Almost every doctor's report I have read has some inaccuracy in it - sometimes major wrong and sometimes not enough to kick up a fuss about. Sometimes doctors don't pay attention and leave out things or put in things that don't belong. I wouldn't get all upset about this. I'd get the report and read it myself and make any comments necessary to the doctors who matter. If you have symptoms if IBS and think the diagnosis is accurate, fine. If not, speak up. Especially with complex situations such as most of us here have, many doctors miss things in their reports. At least that's been my experience. I just got the operative report from my last surgery and it doesn't even say I had an epidural. At first I felt like having it corrected.
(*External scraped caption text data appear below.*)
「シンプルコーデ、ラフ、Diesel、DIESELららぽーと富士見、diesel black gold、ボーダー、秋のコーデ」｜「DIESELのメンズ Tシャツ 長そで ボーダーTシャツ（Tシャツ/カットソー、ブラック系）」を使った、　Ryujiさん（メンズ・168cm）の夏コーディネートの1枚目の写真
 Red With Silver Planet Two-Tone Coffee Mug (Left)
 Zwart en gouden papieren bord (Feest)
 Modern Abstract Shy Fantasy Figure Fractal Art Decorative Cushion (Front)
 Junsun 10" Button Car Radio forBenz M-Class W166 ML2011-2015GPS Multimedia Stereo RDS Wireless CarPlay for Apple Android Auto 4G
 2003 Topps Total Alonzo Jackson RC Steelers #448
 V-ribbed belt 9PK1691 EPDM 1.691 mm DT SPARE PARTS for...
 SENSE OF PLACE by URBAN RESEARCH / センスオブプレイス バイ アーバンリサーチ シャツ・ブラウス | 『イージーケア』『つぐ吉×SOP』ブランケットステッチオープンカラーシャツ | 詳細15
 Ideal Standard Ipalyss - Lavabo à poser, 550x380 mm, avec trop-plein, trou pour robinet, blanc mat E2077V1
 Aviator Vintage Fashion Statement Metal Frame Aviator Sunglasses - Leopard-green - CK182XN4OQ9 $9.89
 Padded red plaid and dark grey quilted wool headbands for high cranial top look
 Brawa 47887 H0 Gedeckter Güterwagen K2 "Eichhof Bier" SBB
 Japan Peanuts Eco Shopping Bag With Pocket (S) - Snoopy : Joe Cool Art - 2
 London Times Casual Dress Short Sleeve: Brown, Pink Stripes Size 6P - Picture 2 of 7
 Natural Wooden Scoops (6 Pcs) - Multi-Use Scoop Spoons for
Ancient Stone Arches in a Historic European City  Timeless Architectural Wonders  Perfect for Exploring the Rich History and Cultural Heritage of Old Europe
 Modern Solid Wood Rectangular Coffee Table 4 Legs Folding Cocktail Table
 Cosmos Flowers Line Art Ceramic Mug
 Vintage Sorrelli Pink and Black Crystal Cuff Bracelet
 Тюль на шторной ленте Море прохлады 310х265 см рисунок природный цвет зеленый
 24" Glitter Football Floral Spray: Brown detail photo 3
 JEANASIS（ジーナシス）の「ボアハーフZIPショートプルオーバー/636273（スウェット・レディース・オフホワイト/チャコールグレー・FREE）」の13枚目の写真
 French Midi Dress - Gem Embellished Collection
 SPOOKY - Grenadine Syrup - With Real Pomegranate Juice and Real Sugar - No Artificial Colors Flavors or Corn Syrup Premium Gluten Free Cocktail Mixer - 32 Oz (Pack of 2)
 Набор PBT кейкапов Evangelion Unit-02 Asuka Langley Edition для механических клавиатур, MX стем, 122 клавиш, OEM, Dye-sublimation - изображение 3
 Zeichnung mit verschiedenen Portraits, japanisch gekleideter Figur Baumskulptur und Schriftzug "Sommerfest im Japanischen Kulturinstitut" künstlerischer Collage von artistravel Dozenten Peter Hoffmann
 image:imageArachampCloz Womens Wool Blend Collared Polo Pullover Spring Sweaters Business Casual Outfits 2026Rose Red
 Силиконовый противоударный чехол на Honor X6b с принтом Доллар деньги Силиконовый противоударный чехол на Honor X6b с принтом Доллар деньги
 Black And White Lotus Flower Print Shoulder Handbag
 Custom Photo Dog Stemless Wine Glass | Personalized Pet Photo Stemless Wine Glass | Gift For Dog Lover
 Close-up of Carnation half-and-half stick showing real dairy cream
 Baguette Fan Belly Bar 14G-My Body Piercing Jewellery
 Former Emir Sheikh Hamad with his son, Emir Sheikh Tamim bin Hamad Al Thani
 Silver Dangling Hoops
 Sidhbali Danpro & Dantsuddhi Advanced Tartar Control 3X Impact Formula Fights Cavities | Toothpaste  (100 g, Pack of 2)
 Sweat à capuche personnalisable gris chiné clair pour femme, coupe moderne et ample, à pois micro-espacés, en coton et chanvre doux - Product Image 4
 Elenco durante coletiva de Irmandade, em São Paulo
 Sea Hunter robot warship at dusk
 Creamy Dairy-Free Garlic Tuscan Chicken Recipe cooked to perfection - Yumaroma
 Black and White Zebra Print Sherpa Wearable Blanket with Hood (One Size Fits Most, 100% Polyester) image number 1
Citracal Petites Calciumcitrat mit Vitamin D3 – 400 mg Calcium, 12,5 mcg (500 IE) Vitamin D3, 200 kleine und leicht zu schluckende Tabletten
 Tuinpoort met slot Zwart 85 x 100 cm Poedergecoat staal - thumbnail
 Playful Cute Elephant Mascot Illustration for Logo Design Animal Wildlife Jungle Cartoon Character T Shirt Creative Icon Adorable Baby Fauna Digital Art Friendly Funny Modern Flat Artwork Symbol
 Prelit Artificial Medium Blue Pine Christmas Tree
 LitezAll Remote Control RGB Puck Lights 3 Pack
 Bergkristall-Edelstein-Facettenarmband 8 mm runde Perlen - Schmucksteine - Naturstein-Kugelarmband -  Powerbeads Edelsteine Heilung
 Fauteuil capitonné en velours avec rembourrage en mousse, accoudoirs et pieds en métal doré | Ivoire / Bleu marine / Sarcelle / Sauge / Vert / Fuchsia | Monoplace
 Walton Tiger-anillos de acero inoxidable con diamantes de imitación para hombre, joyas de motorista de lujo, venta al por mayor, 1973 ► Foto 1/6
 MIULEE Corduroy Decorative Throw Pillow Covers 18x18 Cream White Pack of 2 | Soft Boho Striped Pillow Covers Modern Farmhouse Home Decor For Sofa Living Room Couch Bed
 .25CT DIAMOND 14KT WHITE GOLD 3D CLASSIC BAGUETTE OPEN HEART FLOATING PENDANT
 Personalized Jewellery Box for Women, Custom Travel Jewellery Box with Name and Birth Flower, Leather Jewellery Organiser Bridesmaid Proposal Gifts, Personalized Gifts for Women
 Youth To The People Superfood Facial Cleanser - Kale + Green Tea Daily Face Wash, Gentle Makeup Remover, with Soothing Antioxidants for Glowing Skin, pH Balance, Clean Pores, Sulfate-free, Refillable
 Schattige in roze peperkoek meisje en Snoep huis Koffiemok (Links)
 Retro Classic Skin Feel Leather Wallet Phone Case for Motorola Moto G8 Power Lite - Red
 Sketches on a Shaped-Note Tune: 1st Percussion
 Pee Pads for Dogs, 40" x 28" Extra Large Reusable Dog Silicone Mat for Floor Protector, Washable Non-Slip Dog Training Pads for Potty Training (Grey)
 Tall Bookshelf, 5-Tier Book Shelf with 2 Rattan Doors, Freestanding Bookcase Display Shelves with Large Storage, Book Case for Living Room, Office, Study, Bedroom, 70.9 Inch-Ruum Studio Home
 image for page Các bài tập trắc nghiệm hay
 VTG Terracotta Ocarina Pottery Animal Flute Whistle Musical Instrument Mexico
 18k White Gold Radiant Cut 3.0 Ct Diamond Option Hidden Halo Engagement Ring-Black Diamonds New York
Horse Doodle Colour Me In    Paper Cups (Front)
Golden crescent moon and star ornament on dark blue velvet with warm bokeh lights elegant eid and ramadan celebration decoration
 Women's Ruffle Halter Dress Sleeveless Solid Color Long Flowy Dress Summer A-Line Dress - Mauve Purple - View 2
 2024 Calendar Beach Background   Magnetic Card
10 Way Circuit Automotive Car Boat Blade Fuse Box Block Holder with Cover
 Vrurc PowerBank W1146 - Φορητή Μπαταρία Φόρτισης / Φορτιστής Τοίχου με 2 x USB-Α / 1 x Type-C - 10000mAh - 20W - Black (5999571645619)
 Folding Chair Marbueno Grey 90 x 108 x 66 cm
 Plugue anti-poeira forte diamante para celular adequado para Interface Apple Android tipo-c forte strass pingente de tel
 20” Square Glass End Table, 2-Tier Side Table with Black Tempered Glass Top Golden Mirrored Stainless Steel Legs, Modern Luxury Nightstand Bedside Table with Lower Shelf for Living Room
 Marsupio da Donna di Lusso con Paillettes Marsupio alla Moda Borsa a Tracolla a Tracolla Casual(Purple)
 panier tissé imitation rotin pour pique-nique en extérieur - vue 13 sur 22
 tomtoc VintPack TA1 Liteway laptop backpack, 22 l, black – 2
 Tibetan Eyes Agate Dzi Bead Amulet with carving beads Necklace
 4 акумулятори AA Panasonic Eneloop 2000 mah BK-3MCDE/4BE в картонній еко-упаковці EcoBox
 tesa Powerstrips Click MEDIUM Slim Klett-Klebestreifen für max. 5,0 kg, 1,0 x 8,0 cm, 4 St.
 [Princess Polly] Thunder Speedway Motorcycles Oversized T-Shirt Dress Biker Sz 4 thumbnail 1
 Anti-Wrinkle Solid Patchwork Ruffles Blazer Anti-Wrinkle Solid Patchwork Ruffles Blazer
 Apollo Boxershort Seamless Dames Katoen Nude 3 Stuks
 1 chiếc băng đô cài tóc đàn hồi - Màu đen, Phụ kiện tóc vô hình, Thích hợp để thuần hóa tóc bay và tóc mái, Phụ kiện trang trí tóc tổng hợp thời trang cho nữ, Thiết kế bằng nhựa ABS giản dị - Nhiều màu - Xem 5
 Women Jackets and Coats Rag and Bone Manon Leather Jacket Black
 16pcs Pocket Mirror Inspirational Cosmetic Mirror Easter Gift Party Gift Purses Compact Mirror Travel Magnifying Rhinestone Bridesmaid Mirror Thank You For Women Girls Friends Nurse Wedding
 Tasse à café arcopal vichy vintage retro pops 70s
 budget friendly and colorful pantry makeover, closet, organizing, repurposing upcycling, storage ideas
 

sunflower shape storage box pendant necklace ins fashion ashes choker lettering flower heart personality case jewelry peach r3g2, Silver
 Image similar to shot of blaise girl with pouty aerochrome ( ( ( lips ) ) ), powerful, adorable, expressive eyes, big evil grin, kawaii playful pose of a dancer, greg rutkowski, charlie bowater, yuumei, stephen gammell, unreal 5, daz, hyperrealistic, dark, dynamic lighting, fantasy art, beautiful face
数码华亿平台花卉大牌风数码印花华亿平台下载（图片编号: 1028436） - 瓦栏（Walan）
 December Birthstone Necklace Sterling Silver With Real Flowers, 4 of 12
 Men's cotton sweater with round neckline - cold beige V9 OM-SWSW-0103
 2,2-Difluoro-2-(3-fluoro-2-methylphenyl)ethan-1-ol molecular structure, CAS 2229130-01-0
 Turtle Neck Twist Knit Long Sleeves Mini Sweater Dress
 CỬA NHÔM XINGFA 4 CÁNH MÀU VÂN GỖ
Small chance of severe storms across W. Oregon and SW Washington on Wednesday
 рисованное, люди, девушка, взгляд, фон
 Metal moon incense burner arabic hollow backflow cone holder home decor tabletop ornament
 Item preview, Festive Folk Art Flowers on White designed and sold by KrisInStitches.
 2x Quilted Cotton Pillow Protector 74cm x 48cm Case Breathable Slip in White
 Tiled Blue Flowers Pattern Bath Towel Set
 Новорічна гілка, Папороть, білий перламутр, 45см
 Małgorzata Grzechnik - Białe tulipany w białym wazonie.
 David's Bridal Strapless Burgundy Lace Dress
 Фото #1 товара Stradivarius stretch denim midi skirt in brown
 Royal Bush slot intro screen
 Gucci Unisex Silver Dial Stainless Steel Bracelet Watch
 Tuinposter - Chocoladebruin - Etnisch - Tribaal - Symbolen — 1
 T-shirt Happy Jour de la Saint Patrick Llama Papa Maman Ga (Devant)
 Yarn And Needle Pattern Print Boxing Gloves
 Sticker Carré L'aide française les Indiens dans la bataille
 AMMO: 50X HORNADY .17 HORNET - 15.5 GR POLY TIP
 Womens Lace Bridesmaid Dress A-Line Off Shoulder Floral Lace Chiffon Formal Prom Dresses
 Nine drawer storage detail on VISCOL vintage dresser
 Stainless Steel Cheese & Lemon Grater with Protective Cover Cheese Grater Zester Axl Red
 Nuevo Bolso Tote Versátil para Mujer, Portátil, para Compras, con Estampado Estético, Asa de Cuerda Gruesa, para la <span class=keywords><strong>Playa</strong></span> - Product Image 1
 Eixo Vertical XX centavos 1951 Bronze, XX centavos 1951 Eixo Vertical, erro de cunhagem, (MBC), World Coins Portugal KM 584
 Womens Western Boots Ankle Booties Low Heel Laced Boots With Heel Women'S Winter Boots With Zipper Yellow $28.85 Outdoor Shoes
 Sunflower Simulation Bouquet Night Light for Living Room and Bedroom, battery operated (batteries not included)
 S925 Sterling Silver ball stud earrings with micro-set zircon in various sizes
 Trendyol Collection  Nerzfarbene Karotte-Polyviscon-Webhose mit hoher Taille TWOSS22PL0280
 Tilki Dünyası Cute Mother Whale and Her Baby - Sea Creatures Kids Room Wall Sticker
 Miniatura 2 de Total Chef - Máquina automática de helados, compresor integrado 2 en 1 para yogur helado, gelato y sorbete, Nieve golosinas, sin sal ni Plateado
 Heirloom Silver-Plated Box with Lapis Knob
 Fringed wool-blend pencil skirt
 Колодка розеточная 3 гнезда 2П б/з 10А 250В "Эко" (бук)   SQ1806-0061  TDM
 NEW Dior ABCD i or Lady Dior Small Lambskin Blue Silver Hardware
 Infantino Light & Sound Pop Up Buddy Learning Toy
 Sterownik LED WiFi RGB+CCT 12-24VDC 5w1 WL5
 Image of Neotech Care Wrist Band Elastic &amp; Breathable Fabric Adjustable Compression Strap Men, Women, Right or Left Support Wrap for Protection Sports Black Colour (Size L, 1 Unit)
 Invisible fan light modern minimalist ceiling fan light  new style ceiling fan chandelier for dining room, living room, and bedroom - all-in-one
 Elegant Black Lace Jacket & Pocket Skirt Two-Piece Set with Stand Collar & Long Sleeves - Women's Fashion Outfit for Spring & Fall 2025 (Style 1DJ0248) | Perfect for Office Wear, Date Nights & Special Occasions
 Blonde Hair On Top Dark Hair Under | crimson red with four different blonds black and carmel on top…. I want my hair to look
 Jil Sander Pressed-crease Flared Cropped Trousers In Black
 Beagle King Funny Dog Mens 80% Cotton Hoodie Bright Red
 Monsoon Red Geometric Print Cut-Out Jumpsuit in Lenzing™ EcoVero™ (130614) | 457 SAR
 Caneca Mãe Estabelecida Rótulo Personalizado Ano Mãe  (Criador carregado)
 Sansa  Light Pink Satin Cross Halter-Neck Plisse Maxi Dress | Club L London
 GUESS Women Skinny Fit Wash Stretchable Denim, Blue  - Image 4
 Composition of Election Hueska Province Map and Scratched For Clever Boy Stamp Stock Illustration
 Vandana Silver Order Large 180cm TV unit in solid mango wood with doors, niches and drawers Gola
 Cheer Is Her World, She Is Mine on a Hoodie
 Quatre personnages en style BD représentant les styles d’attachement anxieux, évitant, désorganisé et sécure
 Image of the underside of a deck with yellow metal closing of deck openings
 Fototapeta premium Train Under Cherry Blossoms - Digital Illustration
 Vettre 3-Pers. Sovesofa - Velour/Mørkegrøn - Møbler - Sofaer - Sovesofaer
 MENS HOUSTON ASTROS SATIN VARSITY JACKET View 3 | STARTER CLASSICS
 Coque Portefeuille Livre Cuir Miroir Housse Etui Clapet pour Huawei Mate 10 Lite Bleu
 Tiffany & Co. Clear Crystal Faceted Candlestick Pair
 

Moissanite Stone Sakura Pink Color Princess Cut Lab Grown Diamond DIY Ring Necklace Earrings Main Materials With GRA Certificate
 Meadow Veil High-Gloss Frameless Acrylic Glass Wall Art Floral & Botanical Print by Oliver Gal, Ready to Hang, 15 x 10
Now I don't give a hoot.
Unread 05-25-2003, 10:33 AM
A diagnosis no one ever told me about!


I have had similar things happen to me too...and I agree that it is upseting.

I have noticed that with the more Dr's/Specialists I started to see...the more confusing my health picture became.

That's what I love about the pain clinic that I am currently in. All of the Dr's are working together...and they 'usually' have copies of test results/reports etc. There still are some unanswered questions though...

Have you had any GI testing recently? I agree that you should get copies of your reports...they can be very eye opening. Also, you will be able to discuss the reports with your Dr's.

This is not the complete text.